Mayra Gómez Kemp ha presentado los programas más complicados de la historia de nuestra televisión. Cuando no había 'pinganillos' chivatos en el oído, cuando no había chuletas en el objetivo de la cámara, cuando la presentadora estaba sola bajo los focos y nada podía fallar para que no saltara por los aires el medido engranaje de cámaras.

La habilidad de Gómez Kemp se cimentaba en que iba a las grabaciones con los deberes bien aprendidos. Tenía bien estudiado el guion, tenía claro el objetivo de cada escena como si el programa fuera una ficción a interpretar. Ese control de la secuencia le permitía improvisar con soltura. Y hasta dejar fluir su característica risa.
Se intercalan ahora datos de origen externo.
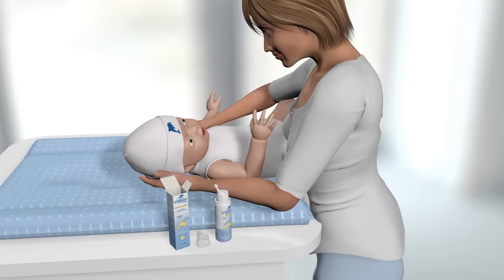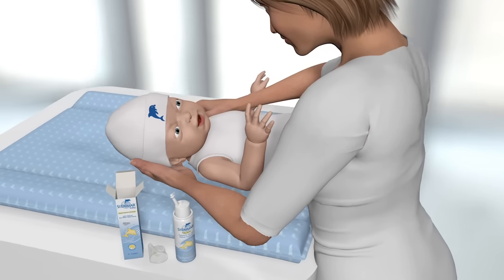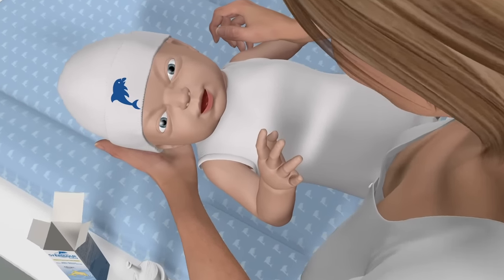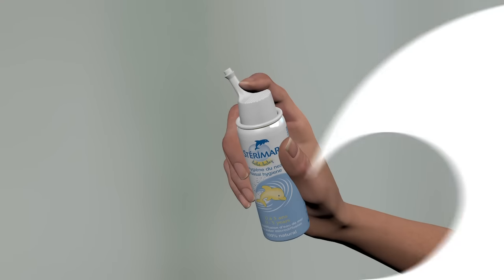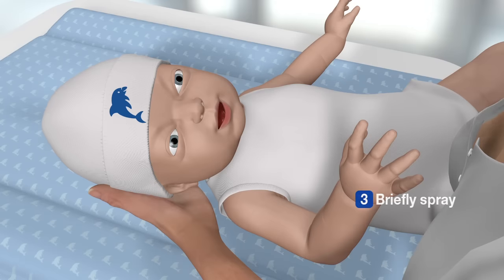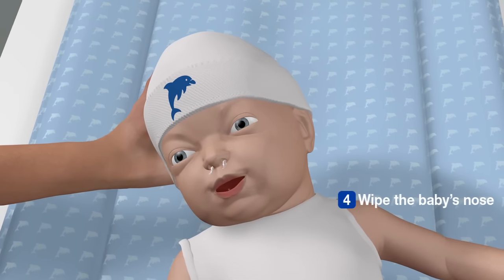In order to use Steromar on your little one, either lay them down on their side or have them sit up with their head tilted to one side. To avoid mucus going into the back of the throat, do not tilt their head backwards. Firstly, prime the spray by briefly pressing the nozzle and then gently insert into one nostril. Briefly press the nozzle to spray. Ensure that any excess solution runs out and then wipe their nose with a tissue.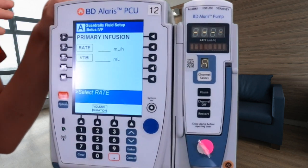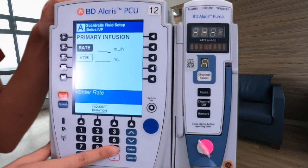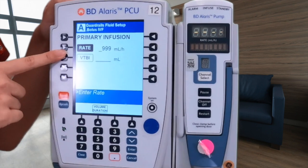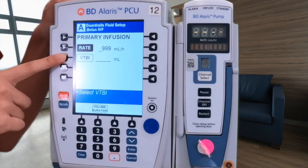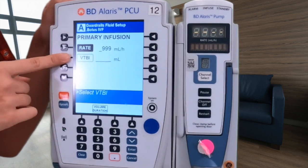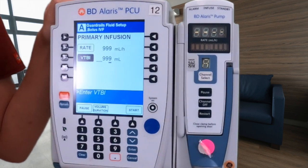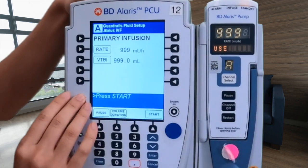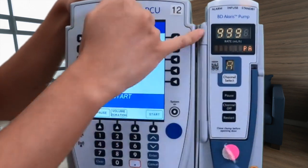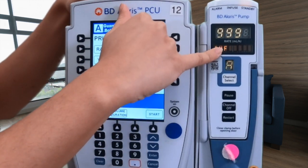Now we are going to do another check of our orders. Our rate is going to be 999 milliliters an hour, and our volume to be infused is one liter. This pump does not go to 1000 milliliters, so we're going to go to 999 milliliters. Over here on our right we have the information for this line — 999 milliliters an hour, and it says bolus IVF.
Los concursos y programas infantiles son impredecibles, el buen comunicador es el que logra destacar las espontaneidades inesperadas del directo sin perder el hilo narrativo del show. En tal cometido, Mayra Goméz Kemp era brillante. Introducía tan fácil el guion en el devenir de la grabación que, cuatro décadas después, algunos protagonistas de sus programas siguen pensando que todo fue fruto de las casualidades de la vida. Así lo evidenció, hace unos días, el ilustre ilustrador José Ramón Sánchez al inaugurar una exposición sobre su obra en la Casa de Cantabria de Madrid (se puede visitar aún esta semana). Allí estaba Mayra, acompañando al que fue su compañero en el emblemático espacio infantil Sabadaba de TVE.

"Me contrataron para estar en una mesa dibujando. En el primer programa, tenía que dibujar cuatro inventores. Uno era Isaac Peral, otro el Doctor Fleming, otro Graham Bell y nunca he conseguido recordar quién fue el cuarto. Pero da la casualidad que cuando estaba pintando al primero, Mayra, en vez de explicar la vida de los inventores, me preguntó. Y me abrió la puerta para que yo desarrollara algo impensable en ese momento: podía al mismo tiempo dibujar y contar una historia. Se lo debo a ella, aunque ella no se acuerda", reflexionó Sánchez en la presentación de su exposición. Entonces, Mayra, que escuchaba discreta en una esquina, se acercó al micrófono y sarcástica apuntilló: "¡para eso me pagaban!". Y, rotunda, se volvió a segundo plano.

El público se rió a carcajada. Con su instinto del espectáculo de siempre, Mayra estaba poniendo el gran colofón al encuentro con el ilustrador más televisivo de nuestra historia. Y, sin pretenderlo, estaba recordando la cualidad del buen comunicador: la habilidad para que el guion, el ensayo y las preguntas parezcan una casualidad. José Ramón Sánchez sigue creyéndolo media vida después. Es el talento de una currante de la complicidad como ha sido y es Mayra Gómez Kemp.